───── Material provided
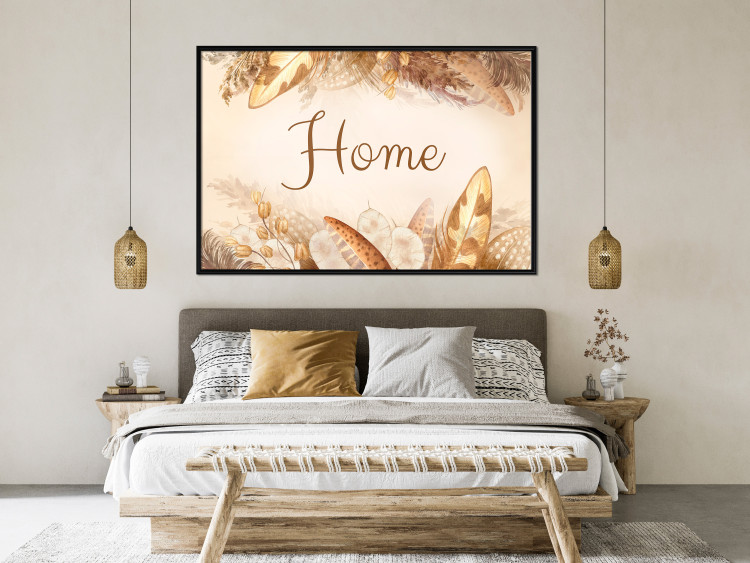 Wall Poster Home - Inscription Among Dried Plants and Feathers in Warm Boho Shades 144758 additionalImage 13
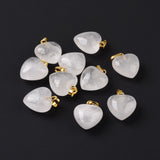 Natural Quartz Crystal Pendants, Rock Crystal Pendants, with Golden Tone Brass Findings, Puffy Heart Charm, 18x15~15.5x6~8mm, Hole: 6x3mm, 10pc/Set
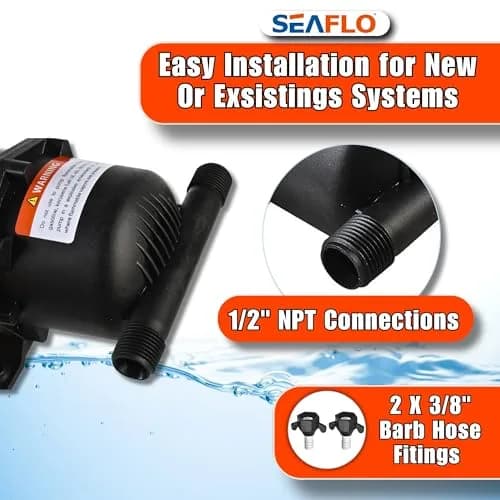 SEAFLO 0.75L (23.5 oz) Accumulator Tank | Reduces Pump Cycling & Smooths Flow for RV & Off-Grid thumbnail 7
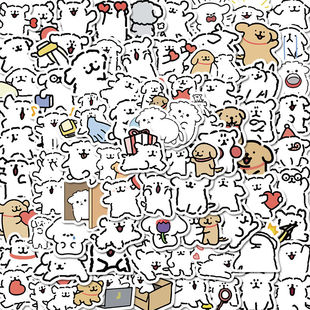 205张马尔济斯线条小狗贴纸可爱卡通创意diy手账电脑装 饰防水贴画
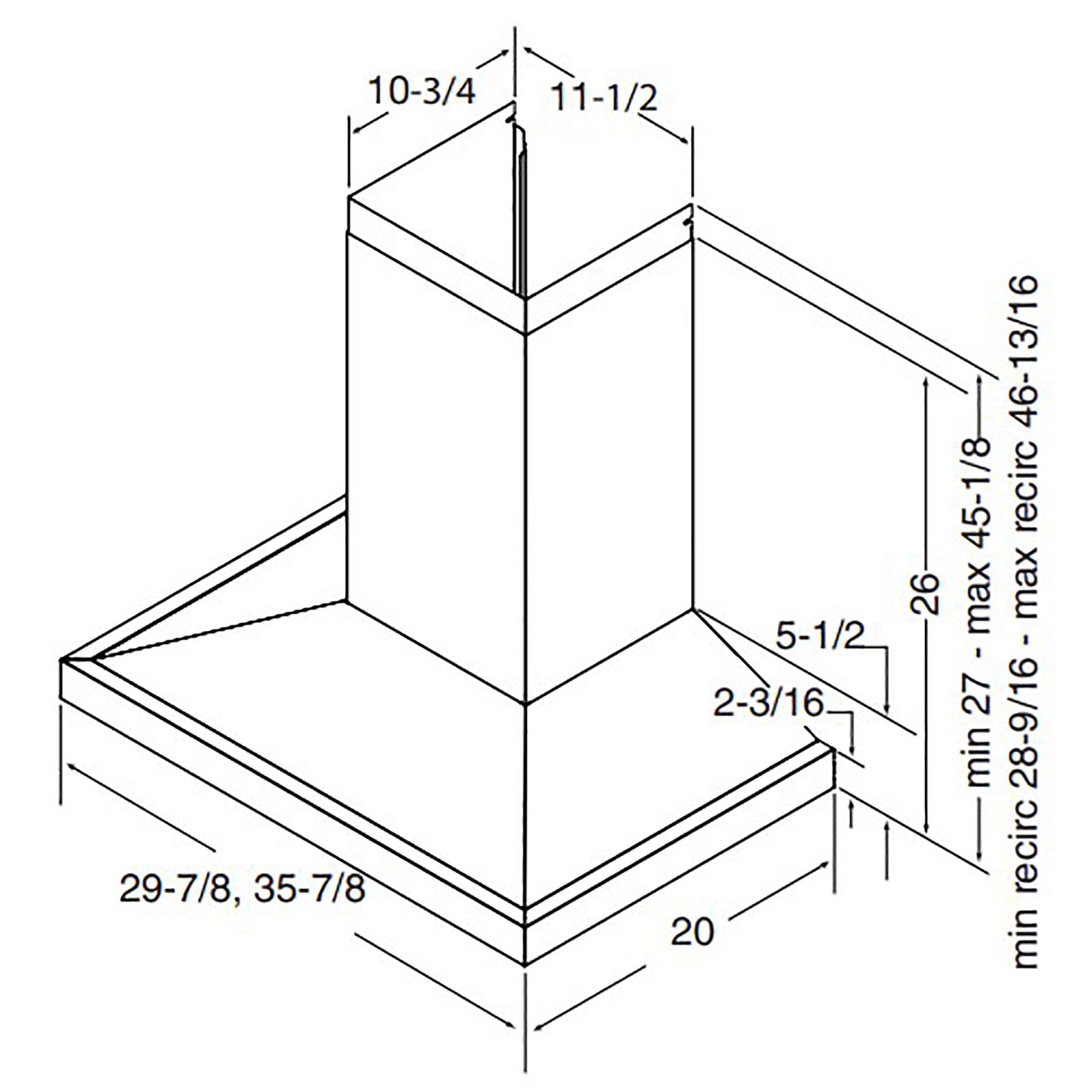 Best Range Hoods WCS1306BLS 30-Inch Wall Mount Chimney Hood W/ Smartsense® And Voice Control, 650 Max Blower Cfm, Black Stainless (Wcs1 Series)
──────────
> **Task details**
What is needed is an exact transcription of the lines from the one containing "205张马尔济斯线条小狗贴纸可爱卡通创意diy手账电脑装 饰防水贴画" through the last line of the records above, both included, with no pictures.

> **Solution below**
 205张马尔济斯线条小狗贴纸可爱卡通创意diy手账电脑装 饰防水贴画
 Best Range Hoods WCS1306BLS 30-Inch Wall Mount Chimney Hood W/ Smartsense® And Voice Control, 650 Max Blower Cfm, Black Stainless (Wcs1 Series)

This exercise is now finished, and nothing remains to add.